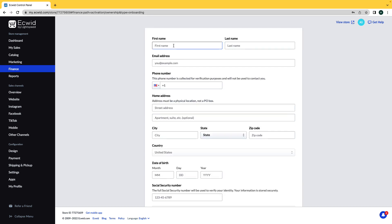Now enter in your personal information including your first name, last name, email address, phone number, home address, date of birth, and social security number. Then click Save and Continue.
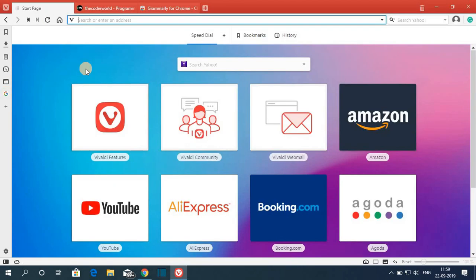So this is all about the Valdi browser. Hope this video was helpful to you. If you find this video helpful, don't forget to hit that like button and subscribe to the channel for more videos like this. Bye for now, see you in the next video.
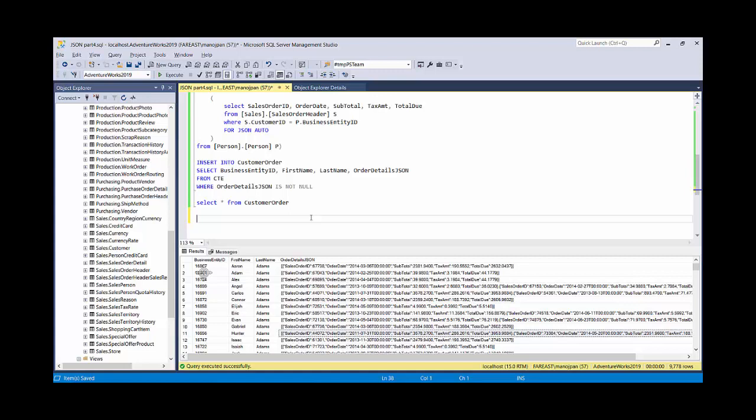Hello friends, welcome back to SQL with Manoj. In our previous video we saw how to store JSON data in a table column. In this video we'll see how to query the data directly from a table into rows and columns.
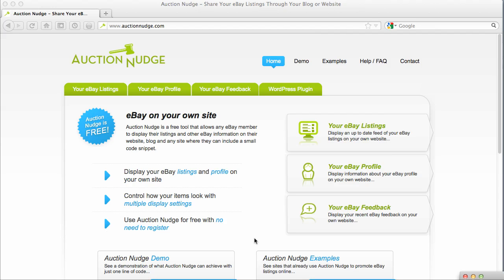Welcome to the fourth Auction Nudge video tutorial. My name's Joe. Today I'm going to be showing you how to only display eBay items listed in a specific eBay category. This is useful if you sell lots of different items on eBay but only want to show certain types of items on your website.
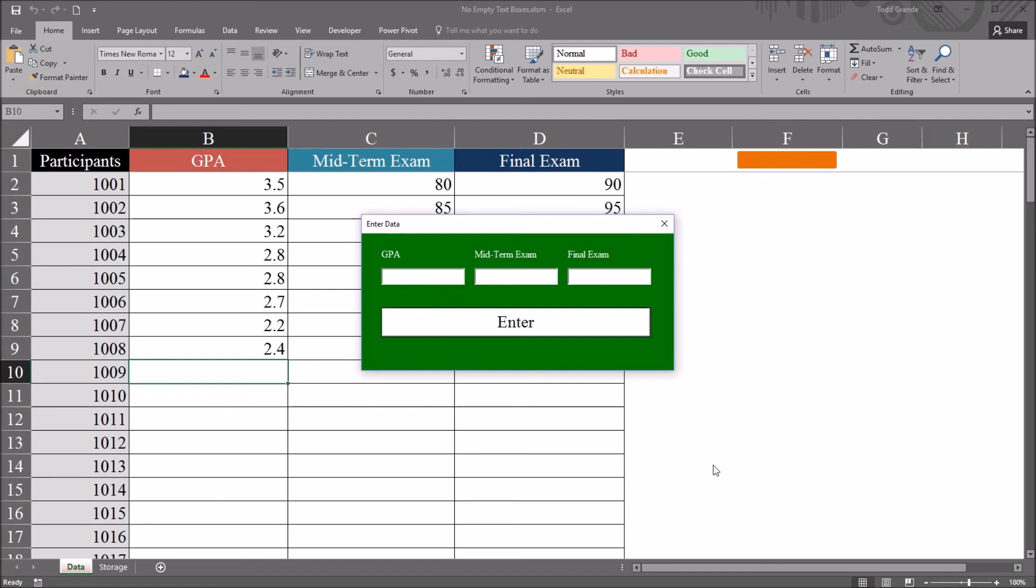I hope you found this video on preventing empty textbox controls in a VBA Excel user form to be useful, and thanks for watching.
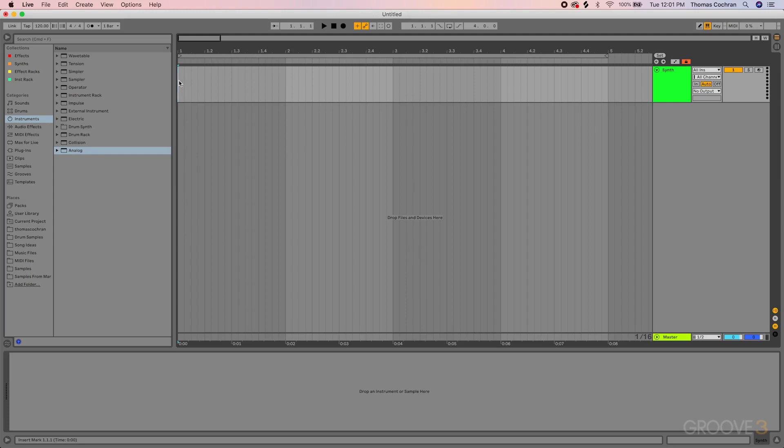An important note for Ableton users here is you want to make sure that you're using the VST3 version and not the Audio Units version, because if you're routing MIDI out of the Reason plugin, it doesn't really like the Audio Units plugin. It sometimes works and sometimes doesn't.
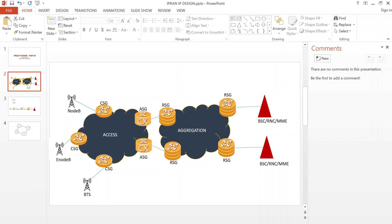Once you have physical connections for these nodes — from the base stations to the controllers — you now require establishing logical connectivity between these entities. For logical connectivity, we normally use IP addresses, and you require different types of IP addresses on an IP-run network.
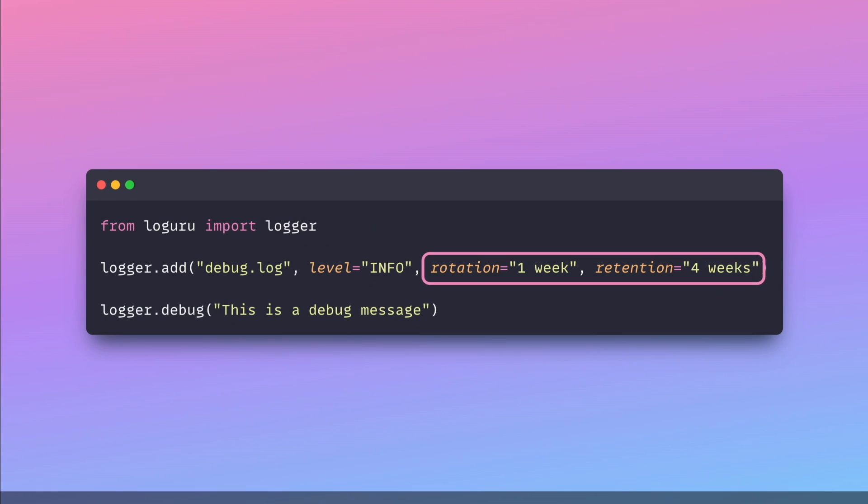In LogGuru, you can replicate this behavior by adding the rotation and retention arguments to the add method. You can see that the syntax is readable and easy to use.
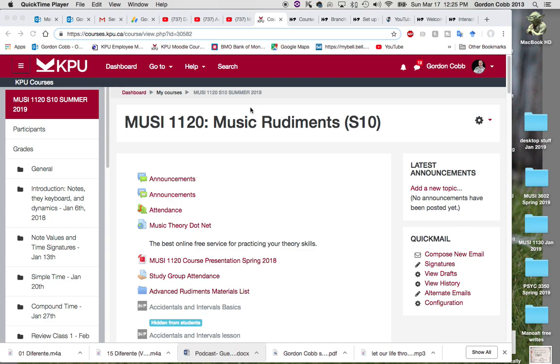Hi there, my name is Dr. Gordon Cobb and welcome to the KPU Teaching and Learning Commons. Today I'm going to show you how you can add an H5P element into your Moodle site.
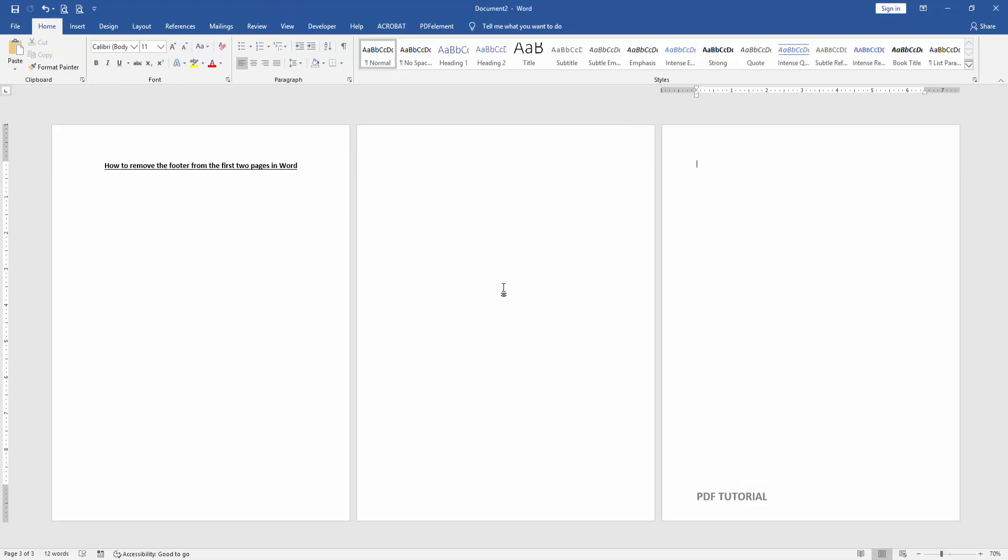Now we can see here we removed the footer from the first two pages very easily. I hope you enjoyed the video, please like, comment, share, and subscribe to my channel. Thanks for watching.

→ **Required action**
Transcribe the whole listing exactly. Pictures stay out of your copy.

→ **Exercise response**
Now enter in your personal information including your first name, last name, email address, phone number, home address, date of birth, and social security number. Then click Save and Continue.
So this is all about the Valdi browser. Hope this video was helpful to you. If you find this video helpful, don't forget to hit that like button and subscribe to the channel for more videos like this. Bye for now, see you in the next video.
Hello friends, welcome back to SQL with Manoj. In our previous video we saw how to store JSON data in a table column. In this video we'll see how to query the data directly from a table into rows and columns.
Welcome to the fourth Auction Nudge video tutorial. My name's Joe. Today I'm going to be showing you how to only display eBay items listed in a specific eBay category. This is useful if you sell lots of different items on eBay but only want to show certain types of items on your website.
I hope you found this video on preventing empty textbox controls in a VBA Excel user form to be useful, and thanks for watching.
An important note for Ableton users here is you want to make sure that you're using the VST3 version and not the Audio Units version, because if you're routing MIDI out of the Reason plugin, it doesn't really like the Audio Units plugin. It sometimes works and sometimes doesn't.
Once you have physical connections for these nodes — from the base stations to the controllers — you now require establishing logical connectivity between these entities. For logical connectivity, we normally use IP addresses, and you require different types of IP addresses on an IP-run network.
In LogGuru, you can replicate this behavior by adding the rotation and retention arguments to the add method. You can see that the syntax is readable and easy to use.
Hi there, my name is Dr. Gordon Cobb and welcome to the KPU Teaching and Learning Commons. Today I'm going to show you how you can add an H5P element into your Moodle site.
Now we can see here we removed the footer from the first two pages very easily. I hope you enjoyed the video, please like, comment, share, and subscribe to my channel. Thanks for watching.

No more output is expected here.